Keywords

1 Introduction

Automatic speaker recognition (ASR) system was first introduced by Pruzansky et al. [7]. There are two primary tasks within the speaker recognition (SR), namely speaker identification (SI) and speaker verification (SV). This paper concerns with SI and we have used the terms SI and SR synonymously. A general block diagram for SI and SV is shown in Fig. 1a. The SR can also be classified as text-dependent and text-independent recognition and further divided into open-set and closed-set identification.

Fig. 1
figure 1

Block diagram a for SR and b for MFCC feature extraction

An immense number of features are invented, but at present day the features that are popularly used for robust SR are Linear Predictive Cepstral Coefficient (LPCC) and Perceptual Linear Predictive Cepstral Coefficient (PLPCC) [9], Gammatone Frequency Cepstral Coefficient (GFCC) [11], Mel-Frequency Cepstral Coefficient (MFCC), combination of MFCC and phase information [6], Modified Group Delay Feature (MODGDF) [5], Mel Filter Bank Energy-Based Slope Feature [4], i-Vector [3], Bottleneck Feature of DNN (BF-DNN). In some cases to increase robustness, combined features are developed by fusion of some of these robust features. Some of combined features are LPCC+MFCC, MFCC+GFCC, PLPCC+MFCC+GFCC. The state-of-the-art methods for modeling/classification are Vector Quantization (VQ) [10], Hidden Markov Model (HMM), Gaussian Mixture Model (GMM) [8], GMM-Universal Background Model (GMM-UBM) [1], Support Vector Machine (SVM), Deep Neural Network (DNN) and hybrid models like VQ/GMM, SVM/GMM, HMM/GMM. Among these, the hybrid model HMM/GMM is very useful for SR in noisy environment because HMM isolates the speech feature vectors from the noisy feature vectors and then estimates the multivariate probability density function using GMM in the feature space.

2 Feature Extraction

The first step of SR is feature extraction, also known as front-end processing. It transforms(maps) the raw speech data into the featurespace. The features like MFCC and GFCC are computed using frequency domain analysis and Spectrogram. In our experiment, the MFCC feature is used for SR. The block diagram for extracting MFCC feature is shown in Fig. 1b. The computation of MFCC is discussed briefly as follows:

Pre-emphasis: The speech signal is passed through a HPF to increase the amplitude of high frequency. If s(n) is the speech signal, then it is implemented as \(\tilde{s}(n) = s(n)-\alpha s(n)\), where \(0.9<\alpha <1.\) Generally, the typical value of \(\alpha \) is 0.97.
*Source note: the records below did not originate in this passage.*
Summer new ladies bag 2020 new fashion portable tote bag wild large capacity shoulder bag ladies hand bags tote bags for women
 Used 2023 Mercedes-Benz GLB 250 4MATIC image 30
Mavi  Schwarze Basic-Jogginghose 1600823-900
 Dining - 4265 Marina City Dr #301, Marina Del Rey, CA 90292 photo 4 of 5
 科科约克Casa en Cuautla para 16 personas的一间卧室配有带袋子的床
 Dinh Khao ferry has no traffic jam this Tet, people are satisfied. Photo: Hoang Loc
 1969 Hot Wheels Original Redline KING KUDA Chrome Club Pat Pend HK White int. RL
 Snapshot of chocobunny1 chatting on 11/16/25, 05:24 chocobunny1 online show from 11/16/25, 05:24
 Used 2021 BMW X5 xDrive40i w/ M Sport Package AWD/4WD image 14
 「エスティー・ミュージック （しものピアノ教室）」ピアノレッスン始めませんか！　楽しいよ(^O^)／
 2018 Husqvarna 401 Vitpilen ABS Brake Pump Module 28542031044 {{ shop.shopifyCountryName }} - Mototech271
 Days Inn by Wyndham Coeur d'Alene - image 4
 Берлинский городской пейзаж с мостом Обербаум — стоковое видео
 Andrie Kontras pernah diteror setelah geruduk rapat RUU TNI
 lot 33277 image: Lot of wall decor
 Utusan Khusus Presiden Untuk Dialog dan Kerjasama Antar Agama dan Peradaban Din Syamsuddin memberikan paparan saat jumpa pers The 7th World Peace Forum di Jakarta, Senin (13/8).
Framing: To compute MFCC, short time processing of speech signal is required. The whole speech signal is broken into overlapping frames. Typically, 25–60 ms frame is chosen with the overlap of 15–45 ms.

Window: For Short Time Fourier Transform (STFT) for x(n), where x(n) be a short time frame, we must choose a window function h(n). A typical window function h(n) is given by

$$\begin{aligned} h(n) = \beta - \left( 1-\beta \right) cos\left( \frac{2 \pi n}{N-1}\right) \end{aligned}$$
(1)

where N is the window length. Here, \(\beta = 0.54\) for Hamming window and \(\beta = 0.5\) for Hanning window.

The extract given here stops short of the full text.